Exercise materials:

————

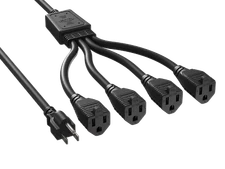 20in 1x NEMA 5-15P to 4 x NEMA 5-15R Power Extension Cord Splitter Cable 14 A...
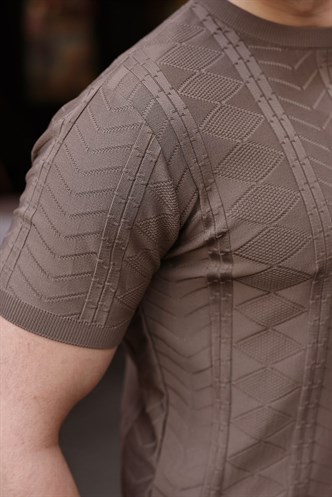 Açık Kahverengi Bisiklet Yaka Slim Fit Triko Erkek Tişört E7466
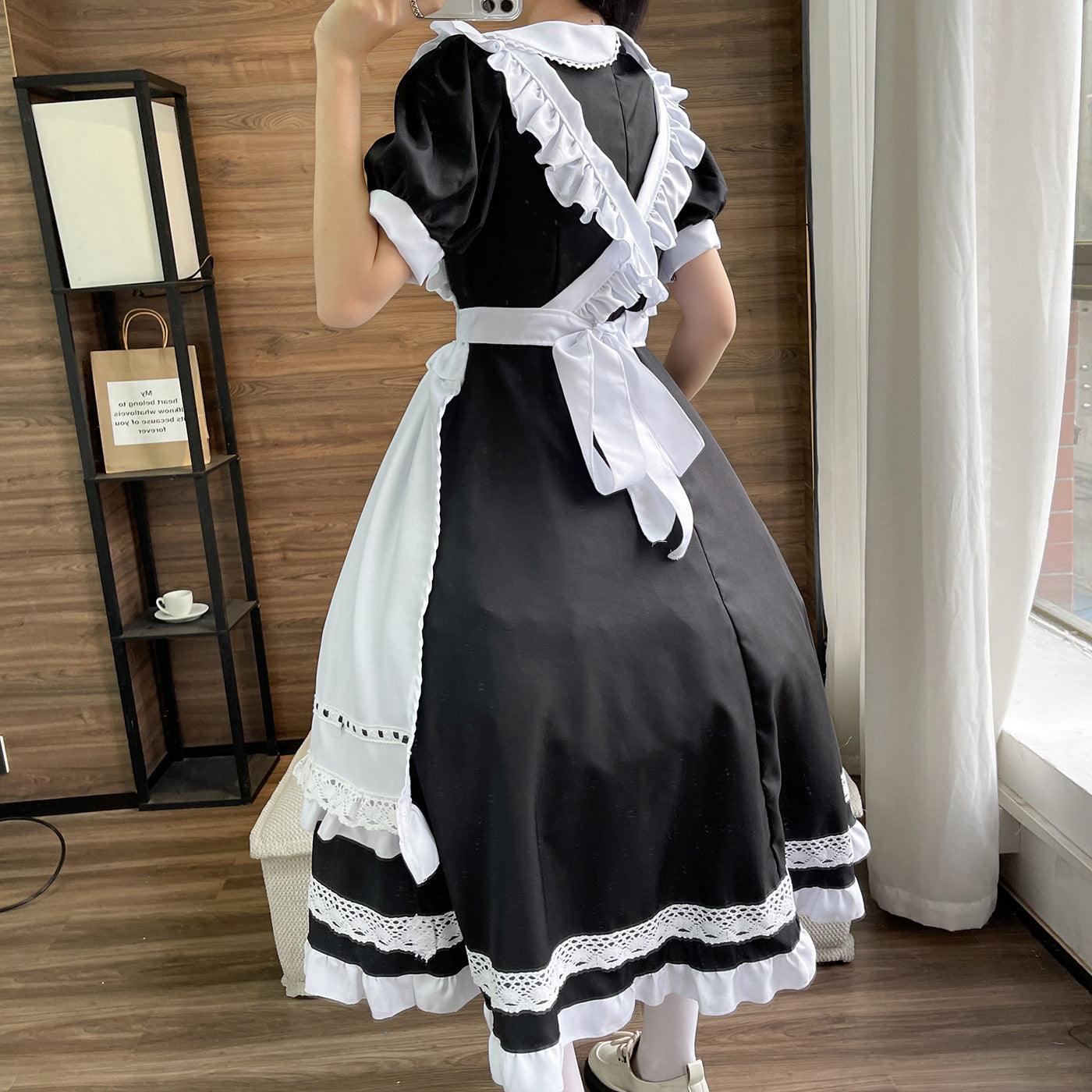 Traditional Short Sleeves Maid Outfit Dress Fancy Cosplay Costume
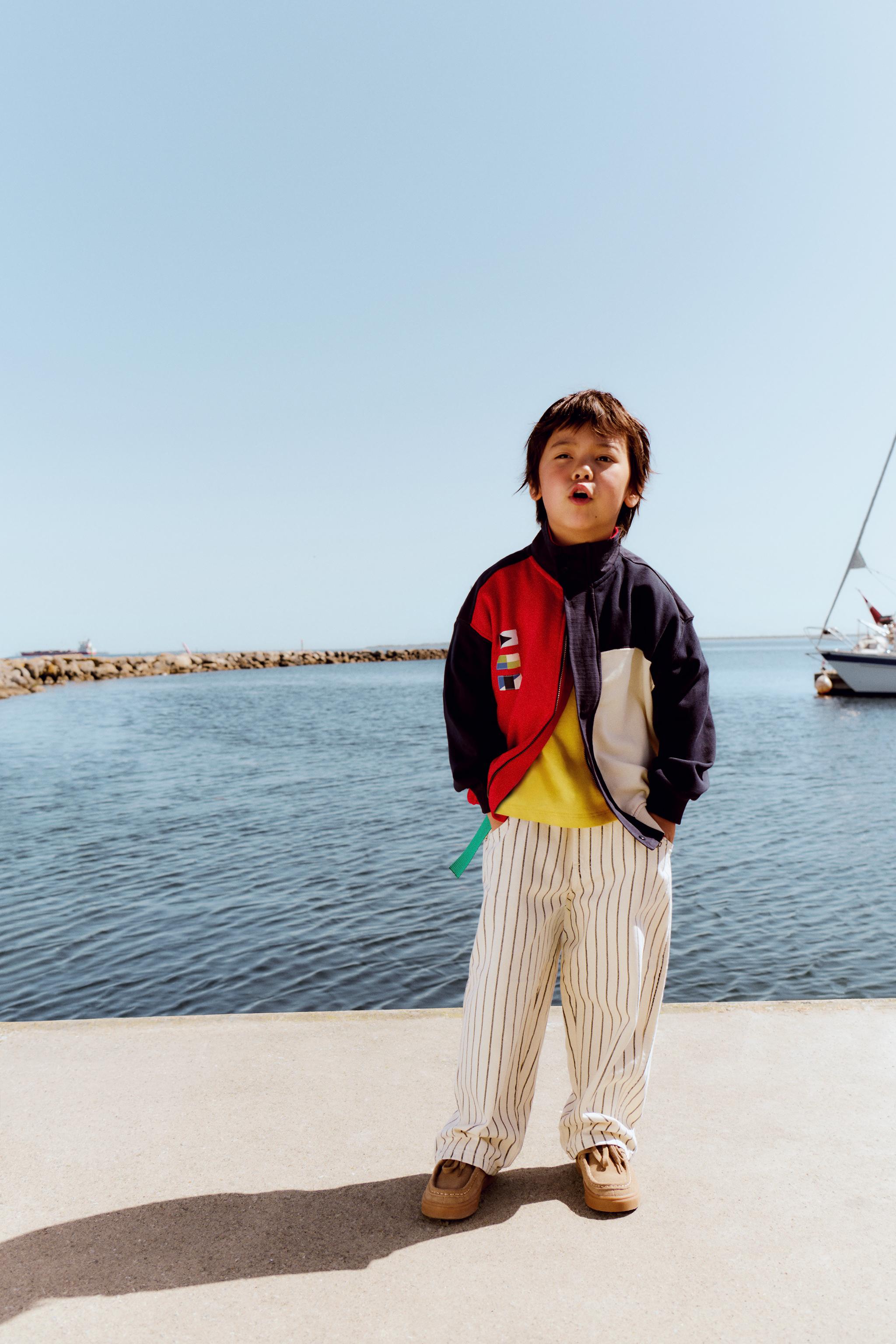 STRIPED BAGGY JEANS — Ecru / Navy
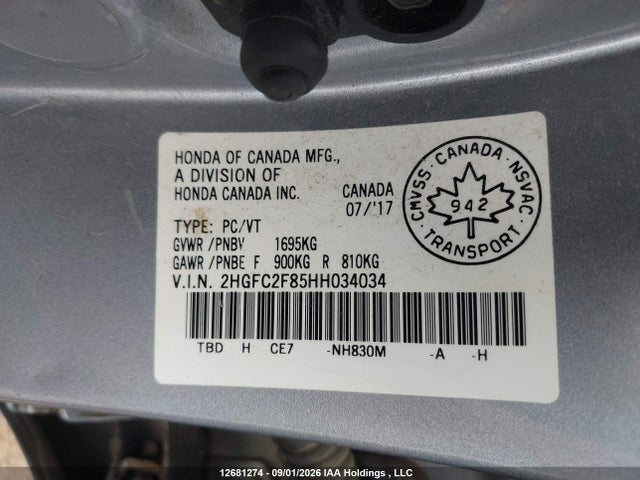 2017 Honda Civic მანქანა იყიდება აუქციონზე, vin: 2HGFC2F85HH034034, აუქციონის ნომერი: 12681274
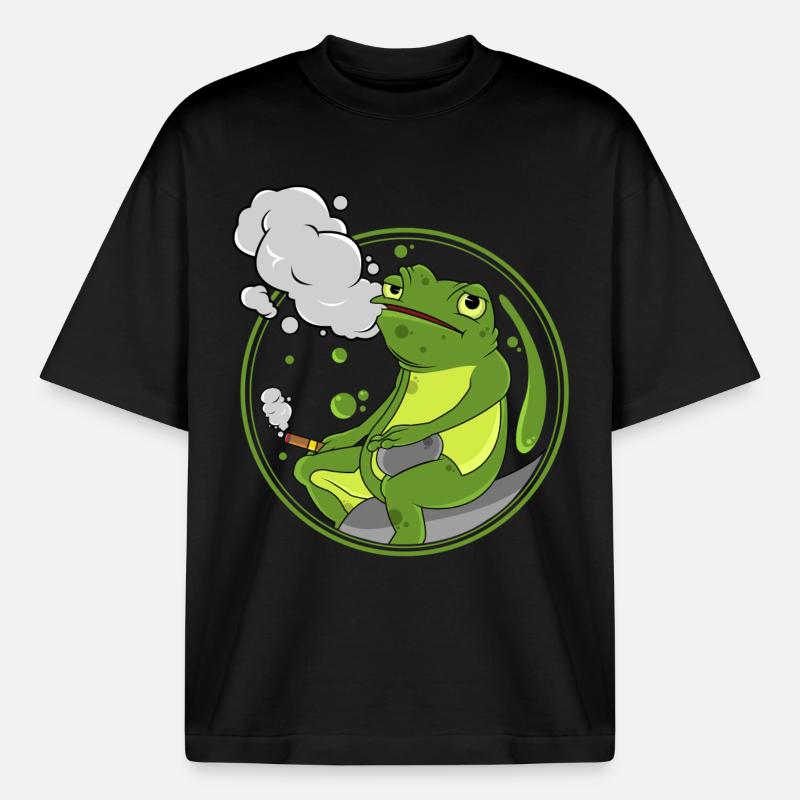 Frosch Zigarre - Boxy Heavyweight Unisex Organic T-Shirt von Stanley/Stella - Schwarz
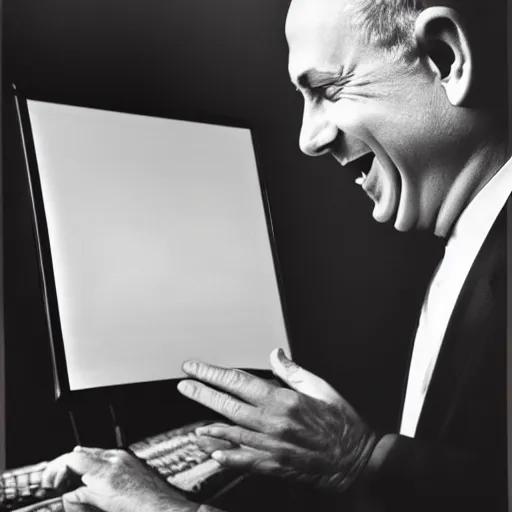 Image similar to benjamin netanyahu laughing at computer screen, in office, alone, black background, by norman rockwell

————

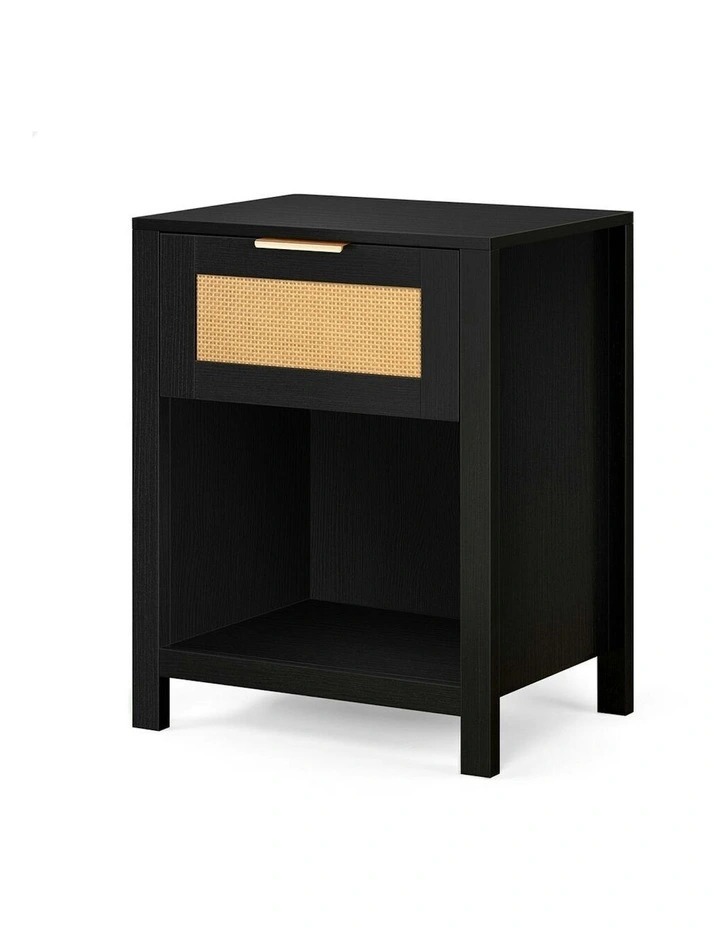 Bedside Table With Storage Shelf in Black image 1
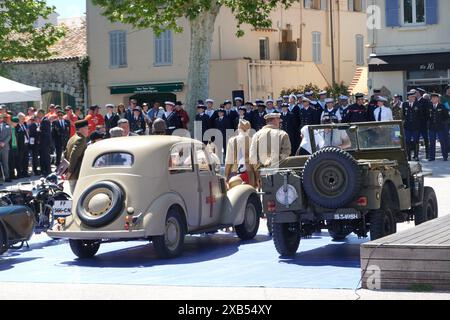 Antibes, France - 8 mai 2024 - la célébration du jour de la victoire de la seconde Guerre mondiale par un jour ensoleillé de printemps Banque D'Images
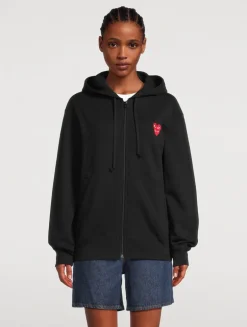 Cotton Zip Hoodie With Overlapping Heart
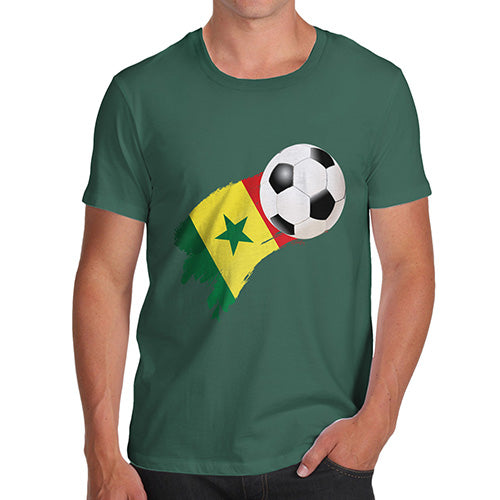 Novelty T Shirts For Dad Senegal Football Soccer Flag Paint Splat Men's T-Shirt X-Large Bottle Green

————

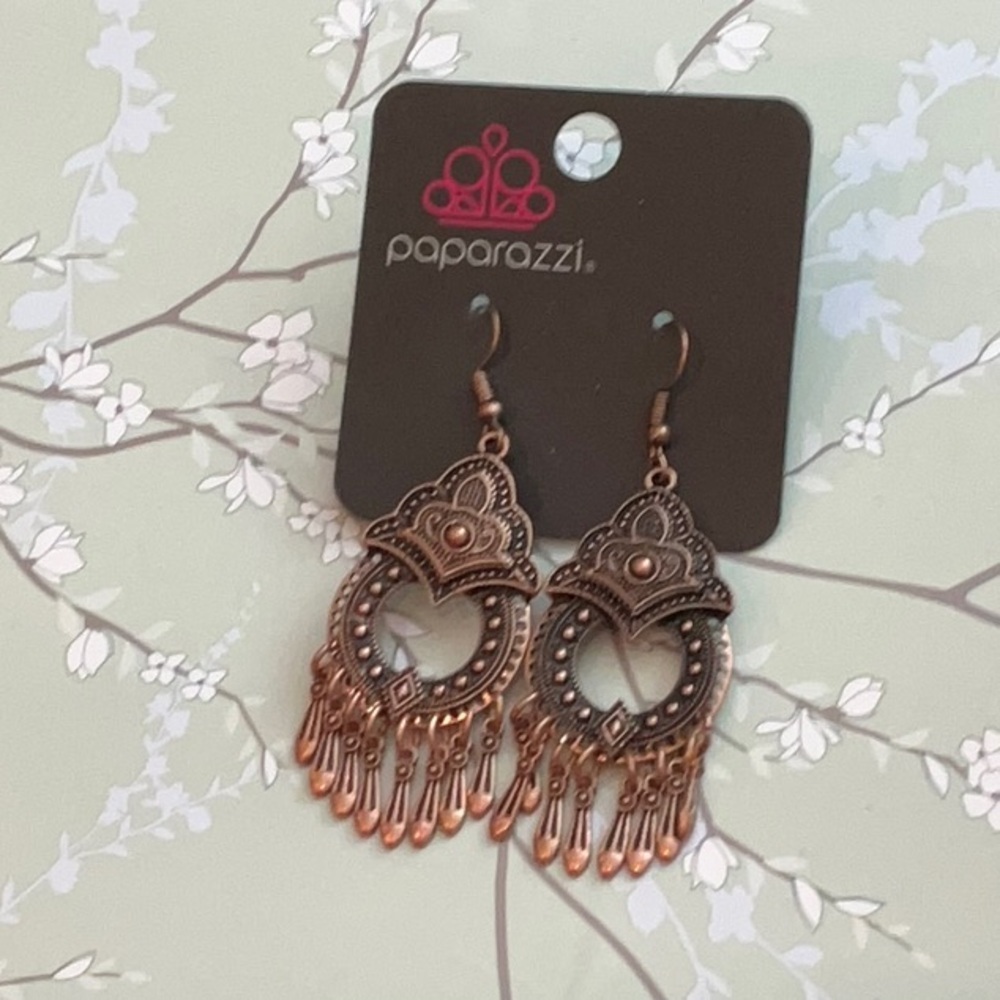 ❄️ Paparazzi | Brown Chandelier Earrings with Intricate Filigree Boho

————

Problem:
Look above for the line holding "Frosch Zigarre - Boxy" and output everything from it down to the line holding "Image similar to", both ends included, exactly and without images.

Exercise solution:
 Frosch Zigarre - Boxy Heavyweight Unisex Organic T-Shirt von Stanley/Stella - Schwarz
 Image similar to benjamin netanyahu laughing at computer screen, in office, alone, black background, by norman rockwell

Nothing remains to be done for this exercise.